Jessops owner plans to call in administrators

Man walks past Jessops store with shutters closedImage source, Getty Images
Image caption,

Peter Jones bought Jessops out of administration in 2013

Dragons Den star Peter Jones, who owns camera chain Jessops, plans to call in administrators to help secure the future of the High Street brand.

Mr Jones bought the chain from administrators in 2013 after it collapsed under £81m of debt.

While revenues have increased most years since then, profits fell to less than £10,000 last year.

Now Mr Jones reportedly plans to seek a rescue deal for the firm's property arm, JR Prop Limited.

The division has reported a steep increase in rental costs since 2017.

Now Mr Jones is reportedly planning to seek a rescue deal, known as a company voluntary agreement (CVA) with its landlords and lenders. This is an insolvency process that allows a business to reach an agreement with its creditors to pay off all or part of its debts and is often used as an opportunity to renegotiate rents.

Sky News said the CVA was expected, external to lead to store closures and rent cuts.

But sources close to Jessops, which employs around 500 people, said Mr Jones still saw a future in the business and would not say how many of the chain's 46 stores were at risk of closure.

Media caption,

Peter Jones: "I've never been more excited about re-launching a business"

Mr Jones bought Jessops in March 2013, just months after it had gone into administration and closed its 187 stores.

At the time, he said the chain would reopen some of its High Street shops to give it between 30 and 40 stores across the country.

He told the BBC that he wanted the price charged in store to be the same as online.

Asked then whether there really was a market for cameras that were not integrated into mobile phones, Mr Jones said: "The amateur photographer, you wouldn't see them walking down the street taking that perfect picture with a mobile phone."

But interest did not live up to his expectations.

He forecasted sales of at least £80m in the first year under his control. But he failed to turn around the group's performance and the firm reported lacklustre turnover of £57.9m for the period.

However, in 2016, the firm's revenues did reach £80.3m. The next year they surpassed £95m before dipping slightly amid tough trading conditions on the High Street.
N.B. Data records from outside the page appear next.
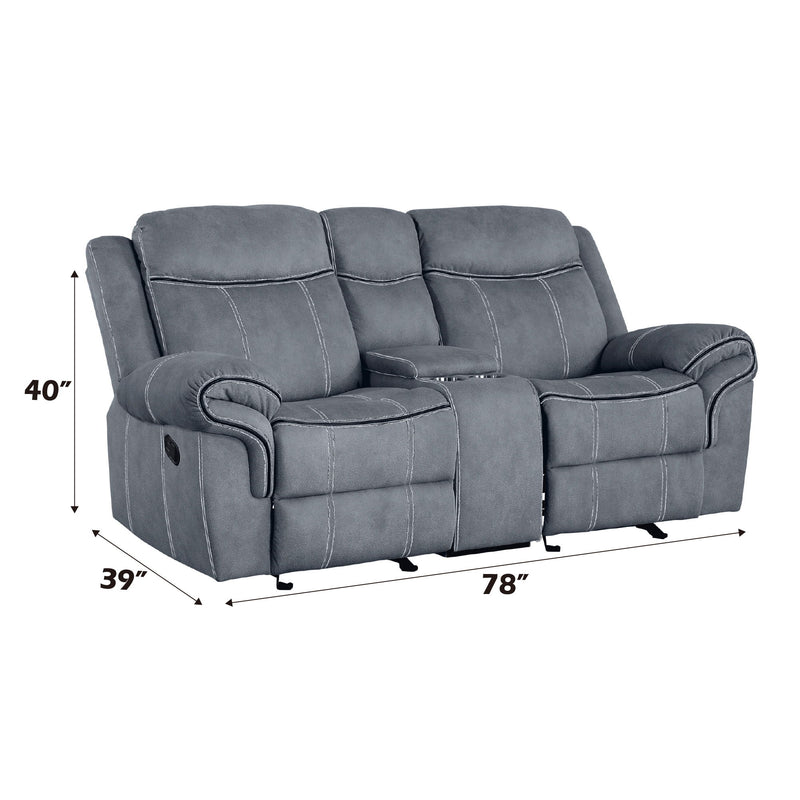 Zubaida - Loveseat w/USB Dock & Console (Glider & Motion) - R&R Furniture Gallery (Fountain Valley, CA)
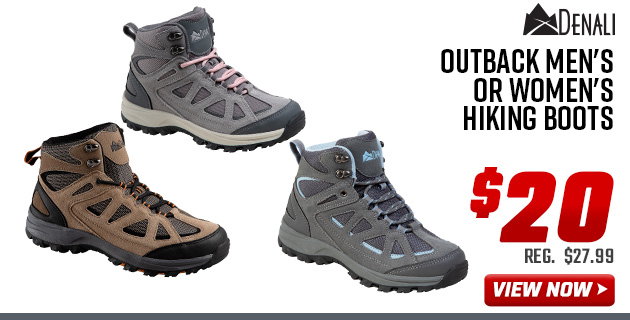 Denali Outback Men's or Women's Hiking Boots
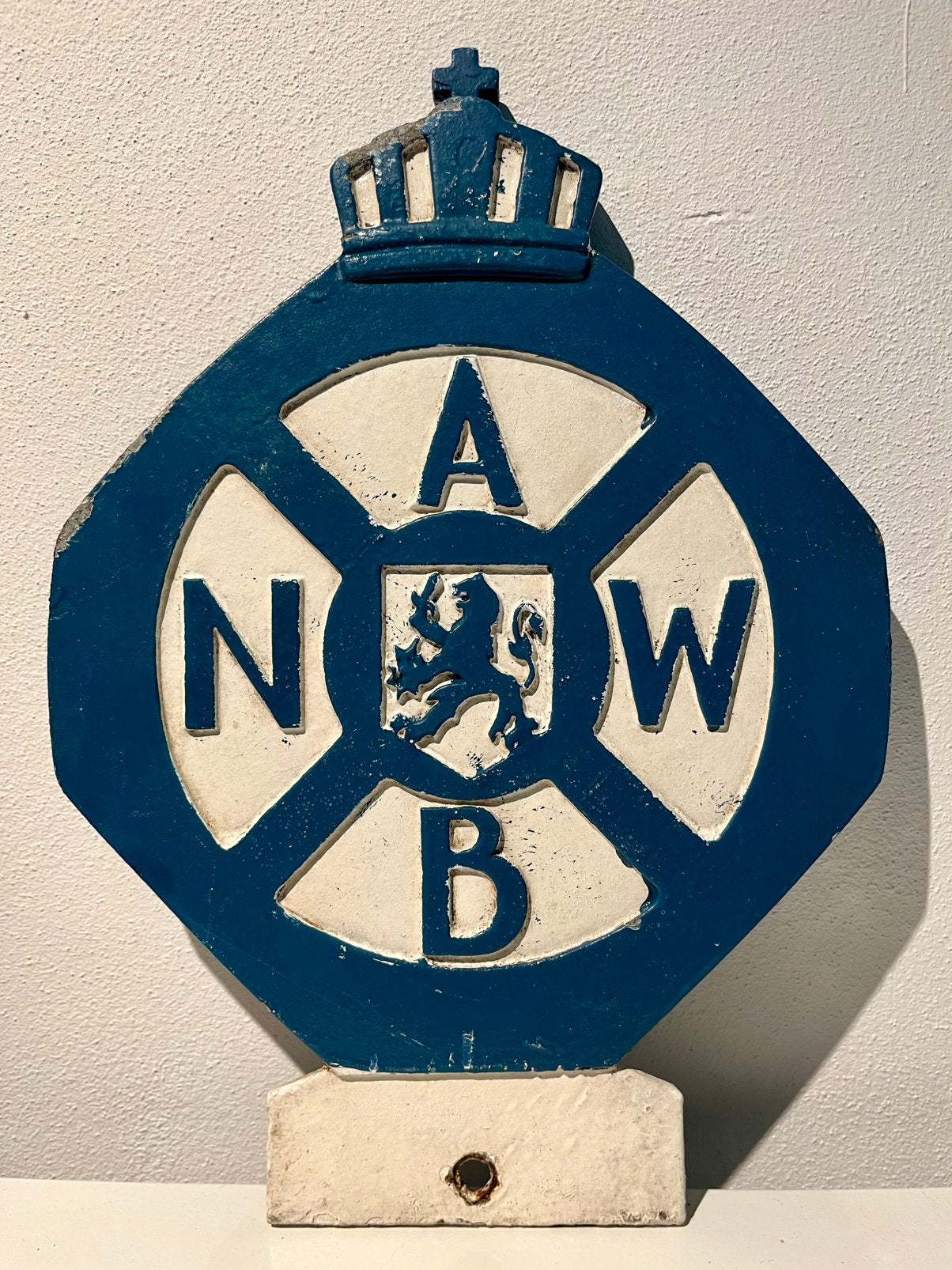 ANWB wegwijzer schild, Verzamelen, Ophalen of Verzenden, Gebruikt, Reclamebord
The chain is the latest High Street brand to acknowledge tough trading conditions.

Last year, big chains such as Toys R Us, Maplin and Poundworld collapsed and vanished altogether.

Others such as Homebase, Mothercare, Carpetright and New Look did restructuring deals with their landlords, closing hundreds of shops between them.

Who is Peter Jones?

  • The serial entrepreneur's first venture was to start a tennis coaching school, after spending his summers working at a tennis academy run by his English teacher

  • That gave him a taste for the world of business and, in his 20s, he started a computer business. That allowed him "a nice house, a BMW, a Porsche, and plenty of money to spend", he later wrote

  • But the good times didn't last forever and the firm went under after a number of its biggest customers went bust, forcing Mr Jones to move back in with his parents aged 29. He went to work for Siemens UK and a year later was running its UK computer business

  • But he didn't remain an employee for long and in 1998, he started Phones International, which made him millions and earned him a seat as an investor on the BBC's Dragon Den

  • On the show, he invested a total of £4,085,667 in firms including Levi Roots, known for its Reggae Reggae Sauce.